В половине одиннадцатого вахтенный начальник пробовал пищу с подноса в руках кока. Еда хорошая. «К вину и обедать!» Вся эскадра – адмиралы, офицеры и матросы – в одиннадцать часов садилась за трапезу.
«Вахтенный офицер, квартирмейстер[20] следят, чтобы нижние чины ни под каким предлогом не пили более двух третей чарки за обедом и по трети за завтраком или ужином», – гласит Морской устав. Чарка – 143,2 грамма.
После обеда на корабле отдых – до половины второго. После отдыха у команды полчаса на чае питие, затем следовали трёхчасовые занятия.
Перед шестью часами одно за другим поступали распоряжения вахтенного начальника: «В палубах прибраться!», «Команде переодеться!», «К вину и ужинать!».
Поужинали. До семи часов, отдыхая, разрешалось петь песни. На стоянке с согласия начальства можно было поудить рыбу.
А что запрещалось матросам? Многое, всего не перечислить! Нельзя обсуждать начальников, нельзя подходить к каюте командира корабля и каютам офицеров. Нельзя говорить о политике и религии… «Нижним чинам безусловно запрещается употреблять бранные и непристойные слова, плевать на палубу и за борт…»

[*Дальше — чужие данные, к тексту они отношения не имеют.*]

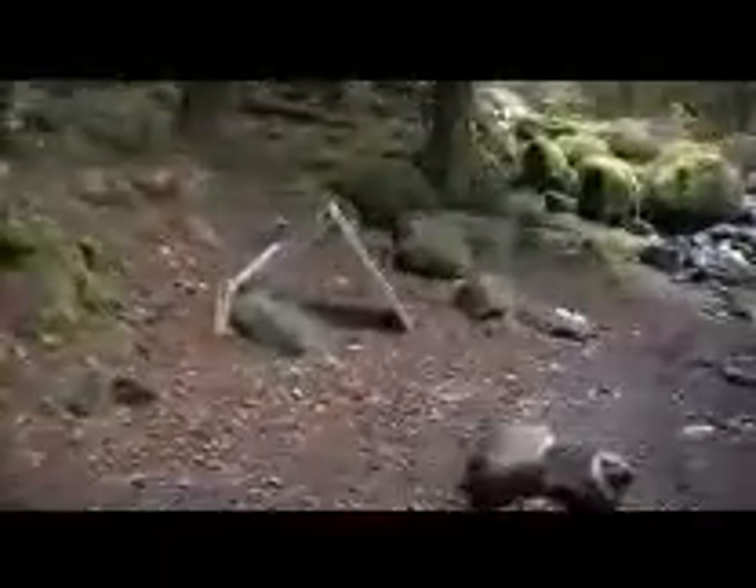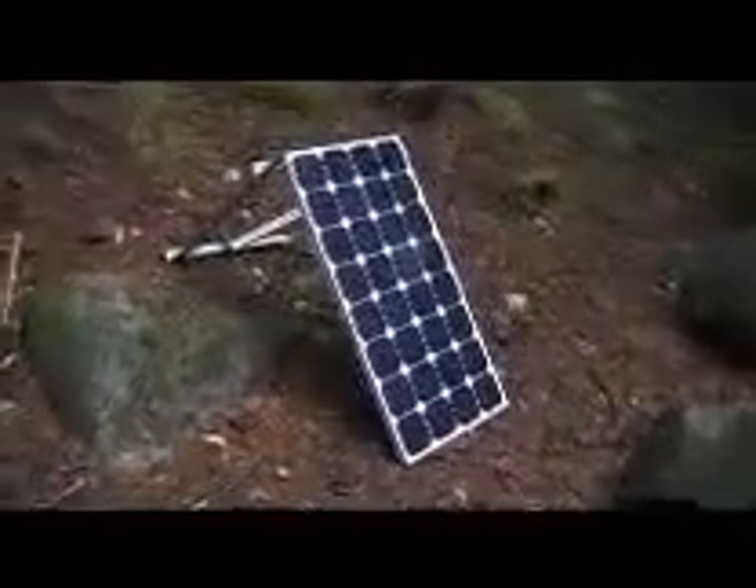This is a daytime view of the campsite. Let's give you another look at the solar power setup. Got a little bit of sun coming out right now, not much through the clouds. Got the panel set up. Wire snakes along over here to the control box.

Нижние чины под постоянным надзором офицеров и унтер-офицерских чинов: боцманов[21], кондукторов[22], квартирмейстеров. Если проступок не был тяжким, то могли приказать матросу несколько раз, без передыха, влезть на мачту и спуститься с нее; с полной выкладкой отстоять по команде «смирно» время, достаточное для «науки»…
Но вот день подошёл к концу. Помолились. Флаг спущен. Зажжены отличительные и другие нужные огни. Команда получает койки. Сон быстро сморил уставших людей. Не спят лишь заступившие на вахту. «Между 1 и 2 часами пополуночи вахтенный начальник приказывает разводить огонь на камбузе для приготовления пищи и озабочивается, чтобы к утреннему чаю были готовы самовары».
Адмирал Нахимов
Адмиралами моряки не становятся сразу, как не появляется сразу большое дерево. Дерево вырастает из маленького семечка. Растёт годы – под дождём, под градом, в жару, в мороз. Поднимаясь выше, делается всё крепче. Но с высотой прибавляются и опасности, и невзгоды. Ураган пригибает маленькое деревце к земле, а большое дерево он норовит сломать или вывернуть из земли с корнем. Молния из грозовых туч никогда не бьёт в кустик – она ударяет огнём только в высокие вершины.
Путь к высокому адмиральскому званию Павел Степанович Нахимов начал очень рано, одиннадцатилетним мальчиком. Увезённый из смоленского села в Петербург, в Морской кадетский корпус, мальчик подолгу не видел родных и своего дома. На игры и развлечения времени у него не было. Занятия длились полсуток: четыре часа утром, четыре днём и четыре вечером. Будущие военные моряки изучали двадцать наук! Павел Нахимов учился прилежно, ведь, чтобы командовать кораблём, нужны знания.